*Supplied information*
=== Section Start ===
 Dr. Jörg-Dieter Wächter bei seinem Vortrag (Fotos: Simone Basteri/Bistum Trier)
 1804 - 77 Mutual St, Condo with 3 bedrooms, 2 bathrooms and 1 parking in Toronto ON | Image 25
=== Section End ===
=== Section Start ===
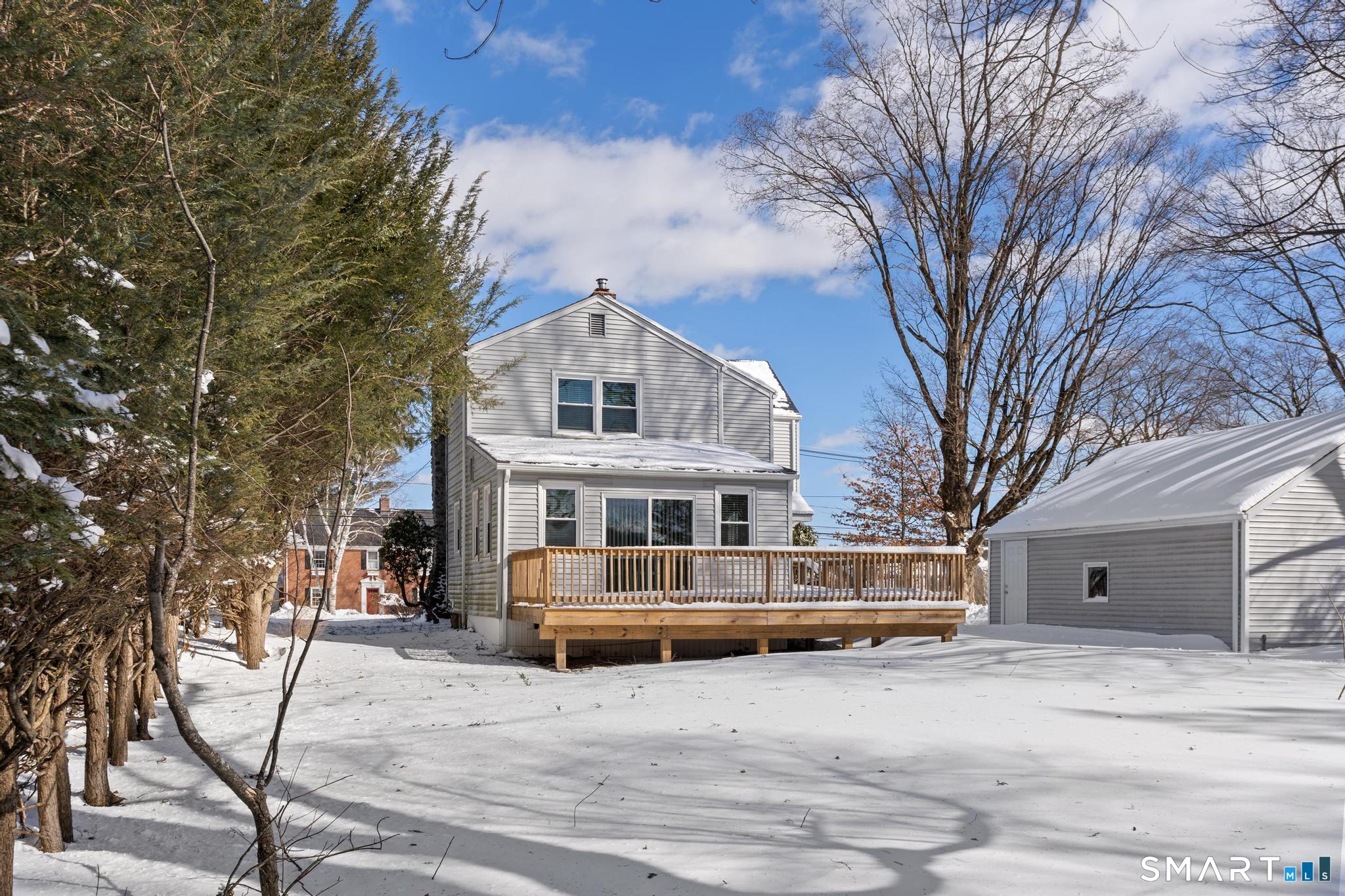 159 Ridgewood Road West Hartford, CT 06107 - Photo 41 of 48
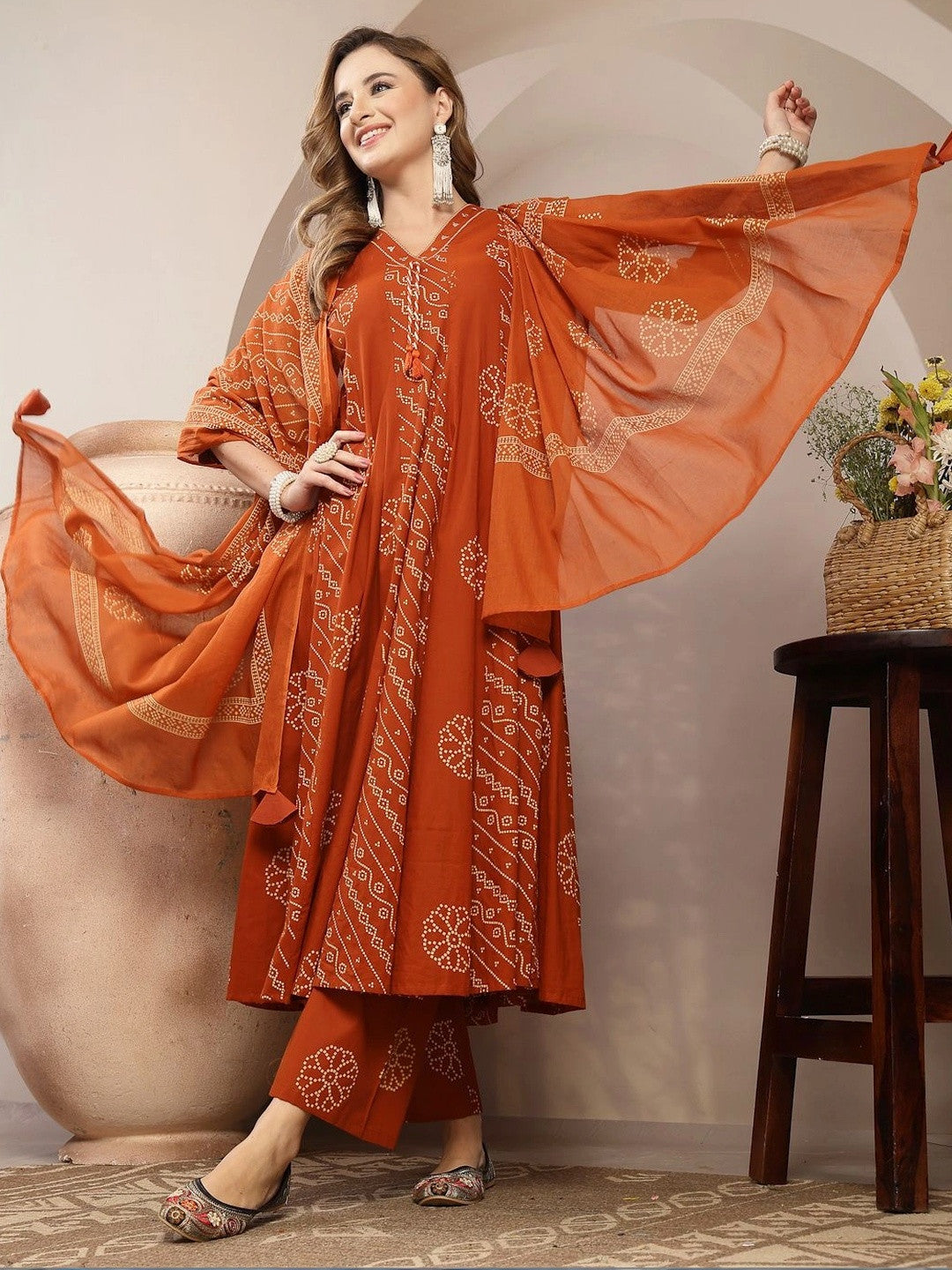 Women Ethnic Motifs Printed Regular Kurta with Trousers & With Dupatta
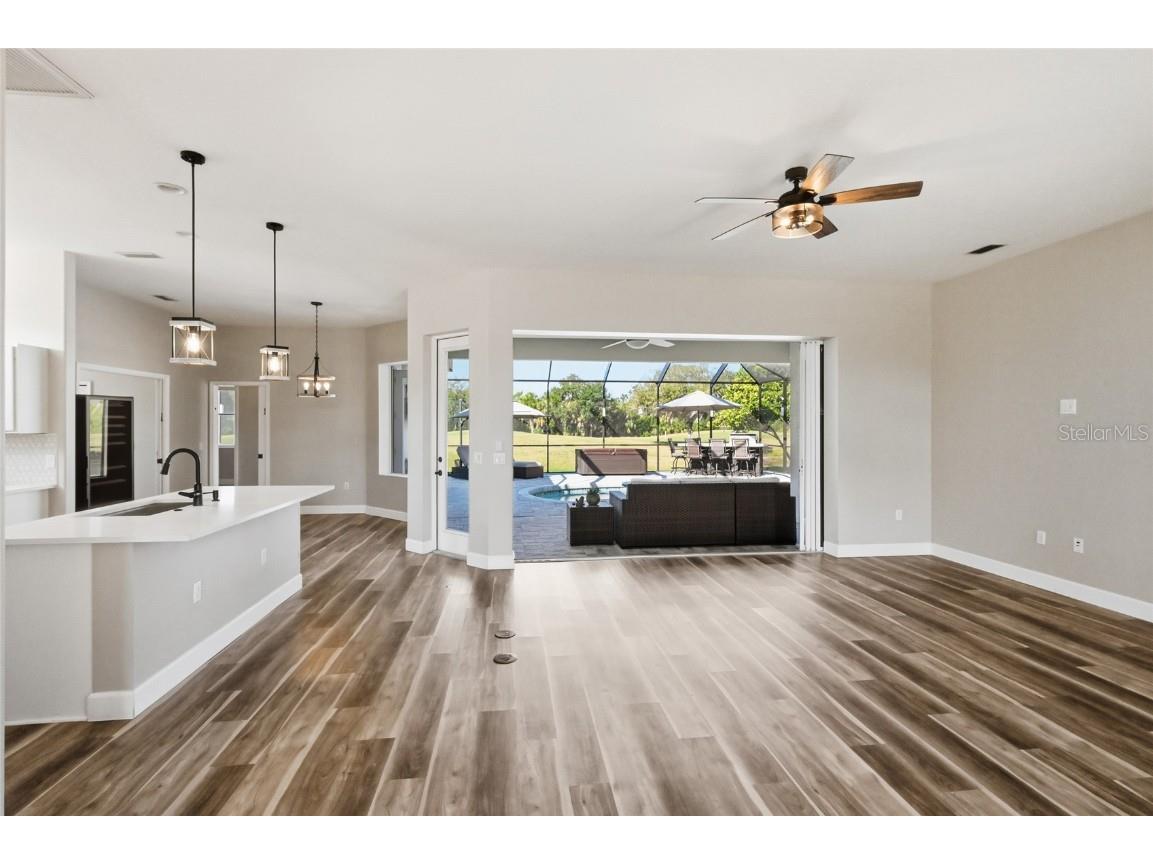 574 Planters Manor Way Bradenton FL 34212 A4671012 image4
=== Section End ===
*Work required*
Write out the lines above from the one with "159 Ridgewood Road" through the one with "574 Planters Manor", ends included, exactly; no picture goes in.

*Written solution*
 159 Ridgewood Road West Hartford, CT 06107 - Photo 41 of 48
 Women Ethnic Motifs Printed Regular Kurta with Trousers & With Dupatta
 574 Planters Manor Way Bradenton FL 34212 A4671012 image4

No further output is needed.